Tamam Abdul-Ghani# and Mickey Kosloff - Department of Human Biology
Rachel Kolodny - Department of Computer Science
PhD Grant 2021
The interaction between proteins in our body cells is the biological language that determines our health and illness. Cellular functions are regulated by a plethora of extracellular signals such as sensory stimulus, hormones, or neurotransmitters. Many of these signals act through receptors on the cell surface to modulate intracellular signaling cascades. G protein coupled receptors (GPCRs) compose an essential proteins family that responsible for signaling between our cells and organs (Pierce et al., 2002). GPCRs modulate many physiological processes and are responsible for a wide range of diseases, with about 40% of marketed drugs acting on these signaling pathways (Santos et al., 2017). Human GPCRs derive from approximately 800 different genes that are classified into six classes (A-F) based on structural and functional similarity (Lagerström et al., 2008).
Over the last decade, many hundreds of GPCR 3D structures with ligands or protein partners were determined, shedding light on the extracellular and intracellular interactions of individual GPCRs. For example, dozens of 3D structures of the glucagon-like peptide 1 receptor and related GPCRs have been determined in recent years, leading to a better understanding of how this receptor modulates metabolism and regulates diabetes (Cho, Merchant and Kieffer, 2012). This information has enabled the design of new drugs for diabetes that are already on the market, but these drugs have side effects and their efficacy can be much improved.
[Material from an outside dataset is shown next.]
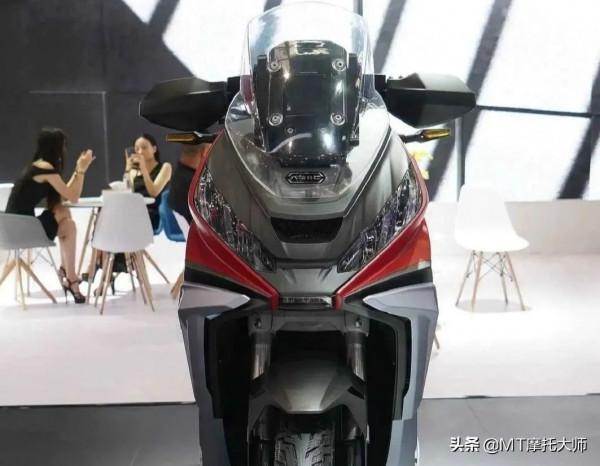 續航400km,輻條輪+真空胎!力刻Gobi 150踏板亮相:預測1.7萬元 續航400km,輻條輪+真空胎!力刻Gobi 150踏板亮相:預測1.7萬元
However, the lack of computational tools to analyze and compare the vast amount of structural data available and combine them with orthogonal information such as sequences limits the ability of scientists to extract broad yet precise data that will enable to maximize the scientific and therapeutic potential of GPCRs. The methods we intend to develop in our research will provide the ability to analyze numerous 3D structures precisely. In addition, computational approaches that better utilize the vast amount of 3D structural data for GPCR families can be the basis for developing future approaches for deciphering the interactions among other large protein families.